[Intel-gfx] [PATCH v3 11/14] HACK drm/i915/scheduler: emulate a scheduler for guc

Thu Dec 1 11:18:30 UTC 2016

On Thu, Dec 01, 2016 at 10:45:51AM +0000, Tvrtko Ursulin wrote:
> 
> On 14/11/2016 08:57, Chris Wilson wrote:
> >This emulates execlists on top of the GuC in order to defer submission of
> >requests to the hardware. This deferral allows time for high priority
> >requests to gazump their way to the head of the queue, however it nerfs
> >the GuC by converting it back into a simple execlist (where the CPU has
> >to wake up after every request to feed new commands into the GuC).
> 
> As it is starting to sink in we'll have to do add this hack sooner
> or later, review comments below.
> 
> Also, would you be OK to rebase this or would prefer to delegate it?

It's been very easy to keep it current.

> >@@ -665,6 +665,70 @@ static void i915_guc_submit(struct drm_i915_gem_request *rq)
> > 	spin_unlock(&client->wq_lock);
> > }
> 
> Confused me at first here until I noticed engine->submit_request
> will be the execlist_submit_request later. Perhaps it would be good
> to rename a lot of things now, like engine->request_queue,
> intel_engine_submit_request and maybe more?

Looking at the lifecycle of the request and getting clear names for the
phases and their vfuncs would be sensible. It may also be worthwhile to
decide that some are not engine tasks and belong to a new entity
(dev_priv->gt.X ?)

> >+static bool i915_guc_dequeue(struct intel_engine_cs *engine)
> >+{
> >+	struct execlist_port *port = engine->execlist_port;
> >+	struct drm_i915_gem_request *last = port[0].request;
> >+	unsigned long flags;
> >+	struct rb_node *rb;
> >+	bool submit = false;
> >+
> >+	spin_lock_irqsave(&engine->timeline->lock, flags);
> >+	rb = engine->execlist_first;
> >+	while (rb) {
> >+		struct drm_i915_gem_request *cursor =
> >+			rb_entry(rb, typeof(*cursor), priotree.node);
> >+
> >+		if (last && cursor->ctx != last->ctx) {
> 
> Not sure if GVT comes into the picture here, but it does not sounds
> like it would harm to use can_merge_ctx here?

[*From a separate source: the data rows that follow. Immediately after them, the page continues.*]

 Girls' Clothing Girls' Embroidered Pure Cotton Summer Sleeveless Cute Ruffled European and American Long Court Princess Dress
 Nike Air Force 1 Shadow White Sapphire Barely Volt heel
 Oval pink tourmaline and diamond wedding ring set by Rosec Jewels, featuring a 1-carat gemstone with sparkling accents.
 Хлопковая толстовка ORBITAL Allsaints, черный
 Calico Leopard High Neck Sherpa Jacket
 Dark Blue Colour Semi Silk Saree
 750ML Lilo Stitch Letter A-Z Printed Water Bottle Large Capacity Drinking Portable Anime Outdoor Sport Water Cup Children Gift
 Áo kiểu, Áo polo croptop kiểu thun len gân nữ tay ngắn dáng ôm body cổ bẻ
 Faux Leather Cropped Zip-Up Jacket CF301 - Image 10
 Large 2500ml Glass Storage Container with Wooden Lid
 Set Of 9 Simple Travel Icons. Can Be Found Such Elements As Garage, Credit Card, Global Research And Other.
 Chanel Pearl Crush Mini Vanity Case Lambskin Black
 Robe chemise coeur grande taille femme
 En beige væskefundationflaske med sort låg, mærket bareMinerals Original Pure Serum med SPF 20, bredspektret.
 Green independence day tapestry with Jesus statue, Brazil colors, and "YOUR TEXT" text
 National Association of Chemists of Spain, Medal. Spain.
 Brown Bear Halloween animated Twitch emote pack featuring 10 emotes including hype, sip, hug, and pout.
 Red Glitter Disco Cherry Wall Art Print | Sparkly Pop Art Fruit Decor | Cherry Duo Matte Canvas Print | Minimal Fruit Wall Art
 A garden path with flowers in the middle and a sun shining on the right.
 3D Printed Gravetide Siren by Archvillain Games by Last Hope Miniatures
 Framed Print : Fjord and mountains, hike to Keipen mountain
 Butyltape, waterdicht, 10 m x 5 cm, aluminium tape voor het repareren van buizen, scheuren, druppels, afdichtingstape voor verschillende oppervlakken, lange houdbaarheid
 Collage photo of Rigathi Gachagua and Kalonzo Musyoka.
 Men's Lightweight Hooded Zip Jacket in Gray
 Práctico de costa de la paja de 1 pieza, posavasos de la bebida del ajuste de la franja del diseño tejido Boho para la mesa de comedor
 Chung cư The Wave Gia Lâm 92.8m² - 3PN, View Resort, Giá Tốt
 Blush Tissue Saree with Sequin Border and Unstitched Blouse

I wasn't sure what path GVT would take either. So just went with the
simple version that looked as similar to the current guc submission as
possible. Also offloading the scheduling to the guc via semaphores will
likely make this whole chain look completely different.

> >+			if (port != engine->execlist_port)
> >+				break;
> 
> It may be an overkill for the first version, but I was thinking that
> we don't have to limit it to two at a time. And it would depend on
> measuring of course. But perhaps it would make sense to do the
> generalisation of the number of supported ports straight away.

Definitely. I was just looking at a minimal conversion, hence reusing
the existing tracking, and limits.

> We could theoretically share most of the execlist_dequeue and just
> do a couple things differently depending on the mode.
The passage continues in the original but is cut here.